[general]
name=beaconGIS — Building Damage Assessment
qgisMinimumVersion=3.16
qgisMaximumVersion=4.99
description=AI building-level damage classification from pre/post-disaster RGB imagery, using a Siamese U-Net ensemble running on ONNX Runtime.
version=1.0.0
author=azeldev
email=azel.dev03@gmail.com
about=Classifies buildings into No Damage, Minor, Major, or Destroyed using a two-network deep-learning pipeline (LocalizationUNet + SiameseUNet, SeResNeXt-50 (32x4d) encoder, two-model ensemble) trained on the full public xView2/xBD dataset with Inria Aerial Image Labeling pretraining. xView2 official scorer Combined F1 = 0.7358. Designed for disaster-response teams: includes AOI clipping, CPU Fast Mode for non-GPU machines, automatic CRS-aware pre/post alignment, GSD normalization, offline template-driven SitRep generator (no LLM API), GeoPackage / GeoTIFF mask / JSON sidecar export. Runs entirely on ONNX Runtime (no PyTorch install required). Model weights (~234 MB fp16, CC BY-NC-SA 4.0) are downloaded on first use from the plugin's GitHub release page over plain HTTPS with SHA-256 verification — no account or token required. Outputs are draft assessments for human review — not authoritative ground truth.

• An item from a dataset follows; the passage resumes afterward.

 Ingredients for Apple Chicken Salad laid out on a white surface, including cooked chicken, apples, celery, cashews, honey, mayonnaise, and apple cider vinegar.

tracker=https://github.com/azeldev/beaconGIS/issues
repository=https://github.com/azeldev/beaconGIS
homepage=https://github.com/azeldev/beaconGIS
tags=raster,vector,change detection,building damage,xview2,xbd,deep learning,disaster response,humanitarian,satellite imagery,onnx,siamese unet,remote sensing
category=Raster
icon=icon.png
experimental=False
deprecated=False
hasProcessingProvider=False
# plugin_dependencies is intentionally NOT set — that field is for other
# QGIS plugin names, not pip packages. The plugin auto-installs its pip
# dependencies on first run via change_detector._check_dependencies(),
# preferring onnxruntime-directml on Windows for GPU acceleration without
# requiring CUDA Toolkit.
changelog=
    1.0.0 (2026-06-02):
      - Initial public release on the QGIS Plugin Repository.
      - Two-network architecture: LocalizationUNet + SiameseUNet ensemble (M1+M2).

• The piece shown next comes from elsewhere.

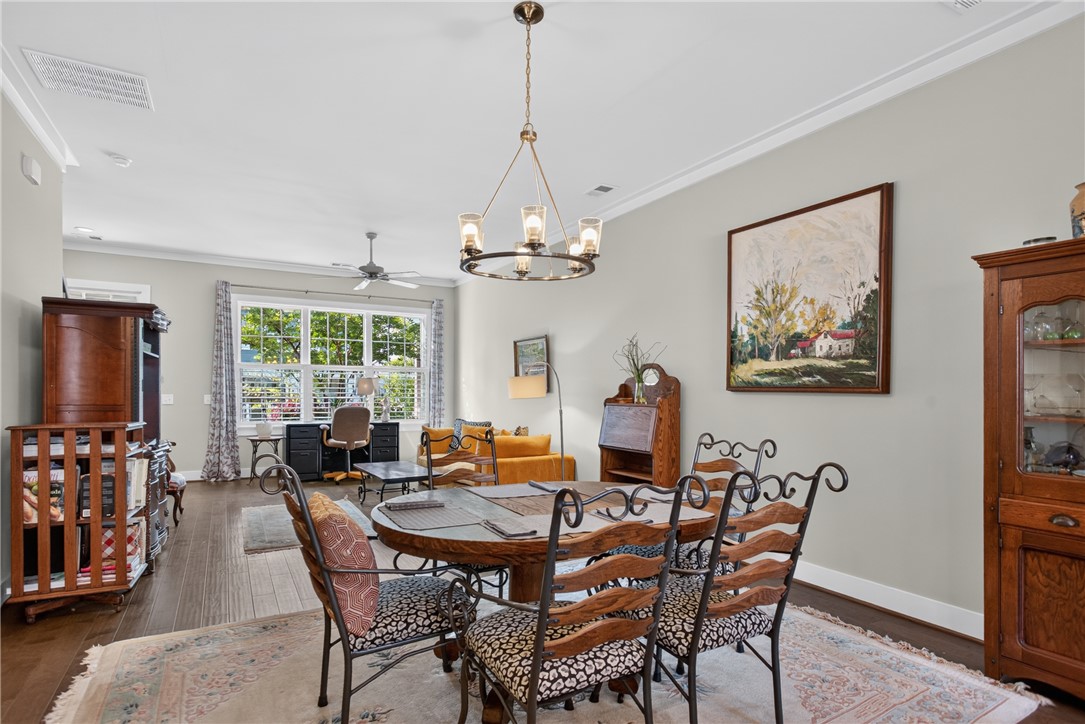 112 Tuttle Street Clemson, SC 29631 - Photo 13 of 46 An inviting dining room with crown molding features a stylish chandelier and hardwood flooring.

      - SeResNeXt-50 (32x4d) encoder, ImageNet -> Inria Aerial -> xBD training.
      - Combined F1 = 0.7358 (xView2 official scorer, full plugin pipeline).

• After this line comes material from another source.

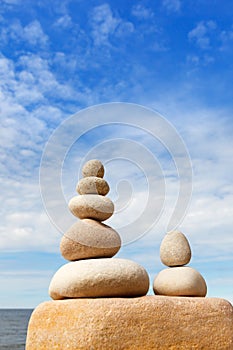 Rock zen pyramid of white stones on a background of blue sky and sea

      - Two-model softmax-averaged ensemble for more robust per-pixel predictions.
      - CPU Fast Mode for laptops without GPU (~8x speedup, ~0.5pt F1 cost).
      - GSD normalization to ~0.5 m/px training scale.
      - Watershed-based touching-building separation with user-tunable strength.
      - Optional 4-way TTA (default off), Hanning-blended tile inference, AOI clipping.
      - GeoPackage / per-pixel mask GeoTIFF / JSON metadata sidecar exports.
      - Assessment Reports dock with offline template-driven SitRep generation (no LLM API).
      - Satellite imagery downloader dock (ESRI World Imagery / OSM).
      - Distribution: ONNX Runtime (no PyTorch required at runtime).
      - Weights distributed via GitHub releases with SHA-256 verification.
      - GPU acceleration via onnxruntime-directml or onnxruntime-gpu (auto-detected).